I am deeply skeptical of the current resource allocation surrounding the current crop of so called generative AI.
Its not that I am an AI skeptic. I not only use AI daily and find it incredibly useful, I am even what you might call an AI maximalist. I believe that transformer based neural networks will be instrumental in revolutionizing many industries and will foment a fundamental change in modern societies on a scale seldom seen in human history.
But I also believe that we are mostly on the wrong track, and that careless language combined with lazy thinking is at least partially at fault.
I posit that there are fundamental misconceptions about the utility and capability of transformer networks that are unfortunately guiding billions, if not trillions of dollars of investment, and countless lost hours of some of our worlds brightest people devoted to projects that will fail spectacularly to deliver on the promise of their inception.
We are building wrong. We are training wrong. We are thinking wrong, and we are speaking wrong.
First, lets address one of the problems we are trying to solve, that cannot be solved, because its a feature, not a bug. “Hallucinations.” The word "hallucination" has its origins in the 17th century, derived from the Latin word hallucinatus, which comes from alucinari, meaning "to wander in the mind”.
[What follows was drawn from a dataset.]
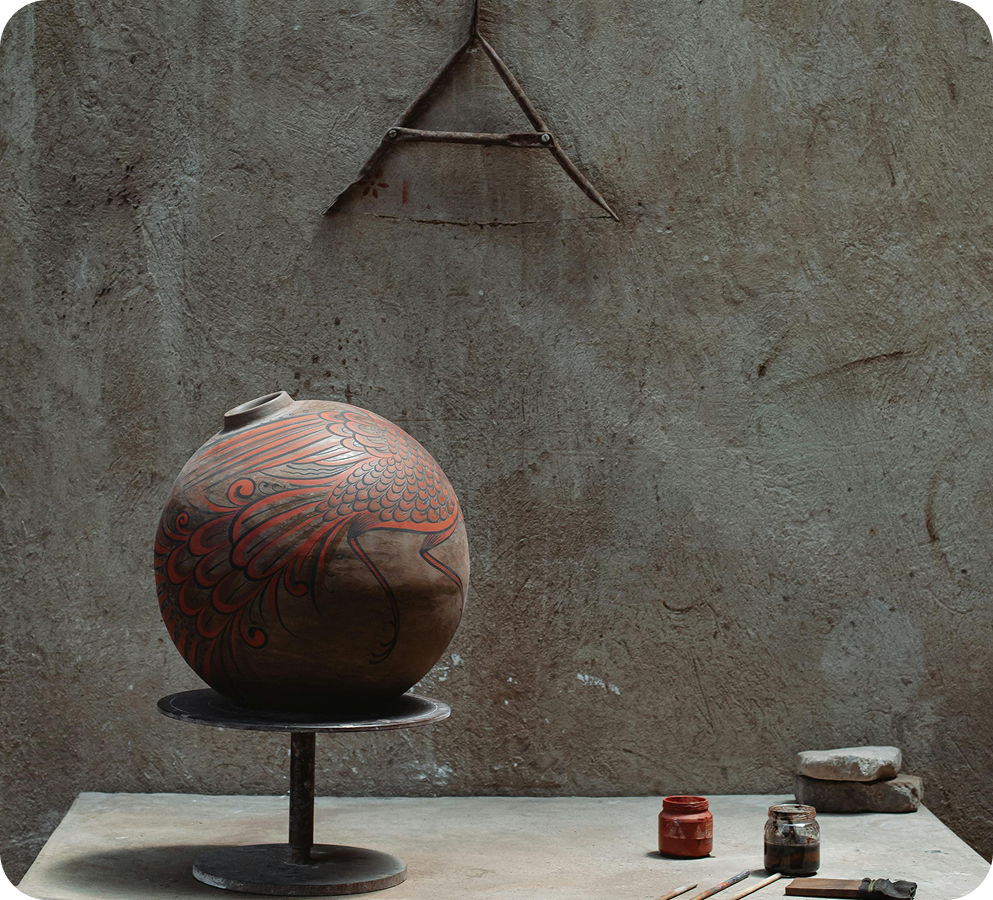 Round pottery vase with red bird design on rotating stand beside paint jars and brushes.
We have come to call any seemingly nonsensical, counterfactual, or otherwise useless or misguided output from LLM’s “Hallucination”. But in this context, “hallucination” is not a malfunction, error, or any other kind of unusual operation of the LLM. The model, in fact, is doing exactly as it was built to do, and the objective quality of its output is exactly the same as when it is producing an output that is deemed to be useful.
If the un-useful output is a hallucination, then every output from the model is also a hallucination. To call it a “hallucination” is to anthropomorphize the model, and relate to it as if it were a human, where mental disfunction is the likely explanation for clearly counterfactual or nonsensical thought.
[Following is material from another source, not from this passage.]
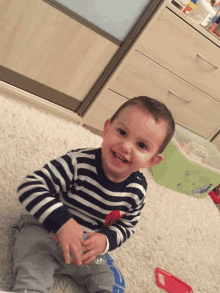 a little boy wearing a striped shirt is sitting on the floor and smiling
So what -can- we do about undesirable LLM outputs? We can train more accurate models, where there is more data and context included in the training set. We can train for accuracy rather than than “cleverness”. We can reduce the random perturbations of the model in generating text. Nonetheless, models will still sometimes produce suboptimal predictions, so we can have them double check their outputs against external sources, iterate over outputs to create a “thought-like” self dialogue, or any number of other post-output fixes which may be effective at verifying the usefulness of the syntactic output.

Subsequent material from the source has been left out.